Former trading port town established by the british

MAWLAMYINE TRAVEL GUIDE

Mawlamyine also spelled Mawlamyaing; formerly Moulmein, is the fourth largest city of Myanmar, situated 300 km south east of Yangon and 70 km south of Thaton, at the mouth of Thanlwin (Salween) river. The city of 325,927 is the capital and largest city of Mon State, Myanmar and is the main trading center and seaport in southeastern Burma.

Mawlamyine is in the Salween River delta, where the mouth of the Salween is sheltered by Bilugyun Island as it enters the Gulf of Martaban and the Andaman Sea. It is flanked by low hills dotted with ancient pagodas to the east and west.

The Mon name for Mawlamyine, means “damaged eye.” A Mon king was said to have lost his powerful eye in Mawlamyine. The Burmese name “Mawlamyine” is believed to be a corruption of the Mon name.

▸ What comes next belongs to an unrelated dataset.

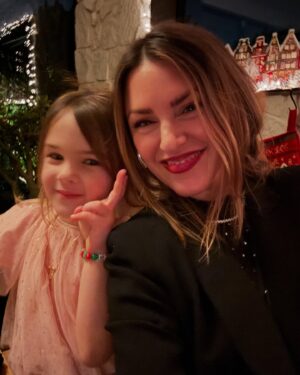Elizabeth Hendrickson Instagram - Happy New Year! 2025 I am ready to conquer you! 2024 was weird, erratic and some months i felt as if I was holding on by a thread. Honestly, it was all a blur. 
Today I feel clear eyed and genuinely excited for what’s to come. 
This year is a 9 and if you believe in numerology… it’s a good one and just so happens to be my lucky number.  What are you looking forward to this year? Let’s gooooo!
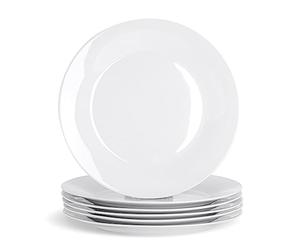 Grandes assiettes cer s blanches - 268 mm (10,5 pouces) - Boîte de 12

Mawlamyine was the first capital of British Burma between 1826 and 1852 after the Tanintharyi (Tenassarim) coast, along with Arakan, was ceded to Britain under the Treaty of Yandabo at the end of the First Anglo-Burmese War.

It is probably best known to English speakers through the opening lines of Rudyard Kipling’s poem Mandalay:

“By the old Moulmein pagoda Lookin’ lazy at the sea. There’s a Burma girl a-settin’ and I know she thinks o’ me”.

Mawlamyine is also the setting of George Orwell’s famous 1936 memoir Shooting an Elephant. The essay opens with the striking words: “In Moulmein, in Lower Burma, I was hated by large numbers of people—the only time in my life that I have been important enough for this to happen to me.”

During colonial times, Moulmein had a substantial Anglo-Burmese population; an area of the city was known as ‘Little England’ due to the large Anglo-Burmese community, many of them running rubber plantations; nowadays, this has dwindled to a handful of families as most have left for the UK or Australia.

Mawlamyine is the main gateway to south-eastern Myanmar. Thanlwin Bridge, the longest road and rail bridge in Myanmar is the most prominent landmark in the area. It stretches 11,000 feet over the Thanlwin river connecting the country’s southeastern region with Yangon.

The city is connected to Pa-an in Kayin State and Dawei and Myeik in Tanintharyi Division by road. It was the rail head to Ye, linked to Yangon by rail only from Mottama (Martaban) across the river by ferry, but today connected by the Thanlwin Bridge (Mawlamyine) opened in April 2006. Mawlamyine Airport has regular flights to Yangon.